Willie Brown (March 21, 1942 – July 26, 2018) was an American college and professional football player and coach. A star college football player for the USC Trojans, he went on to play three seasons in the National Football League (NFL). After his playing career, he served as a coach for the Trojans and the Tampa Bay Buccaneers of the NFL.

==Playing career==
Brown played high school football at Long Beach Polytechnic High School, where he won the California Interscholastic Federation player of the year award in 1959.

Brown went on to play college football at the University of Southern California (USC). As he was a two-way player for the Trojans, he began as a tailback and kickoff returner but also played defensive back and flanker. In 1962, he led the Trojans, who went on to win the national championship, in rushing, kickoff returns and interceptions. In 1963, as the team captain, he led the team in receiving, scoring and interceptions.

He was also a standout baseball player, who was a center fielder and shortstop for the university's baseball team that won the 1963 College World Series.

In the 1964 NFL draft, the Los Angeles Rams selected him with the fourth pick of the third round, 32nd overall. He played two seasons with the Rams before finishing his playing career with the Philadelphia Eagles. He accumulated 133 rushing yards and 110 receiving yards in the NFL.

==Coaching career==
Brown returned to USC as an assistant football coach from 1968 to 1975 and helped the Trojans win national championships in 1972 and 1974. He also served as a Trojan baseball assistant in 1969 and in 1970, when USC won the 1970 College World Series.
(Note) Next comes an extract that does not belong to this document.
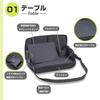 SEIWA IMP367 Junior Car Seat Tablet Meal for Driver and Passenger Back Knee Sleeping In the and Back Pain Support for Children Table, Cushion, Stand,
In 1976 and 1978, he went to the Tampa Bay Buccaneers where he served as the wide receivers coach and in 1977, the team's running backs coach. In his later years, Brown was an academic monitor for USC's Student-Athlete Academic Services from 1996 to 2016.

==Personal life==
Brown had two brothers, Oscar and Ollie, both of whom played Major League Baseball. Ollie, who was the first pick by the San Diego Padres in the 1968 Major League Baseball expansion draft and was known as the “Original Padre”, died in 2015.

Brown died on July 26, 2018, in Carson, California, from cancer.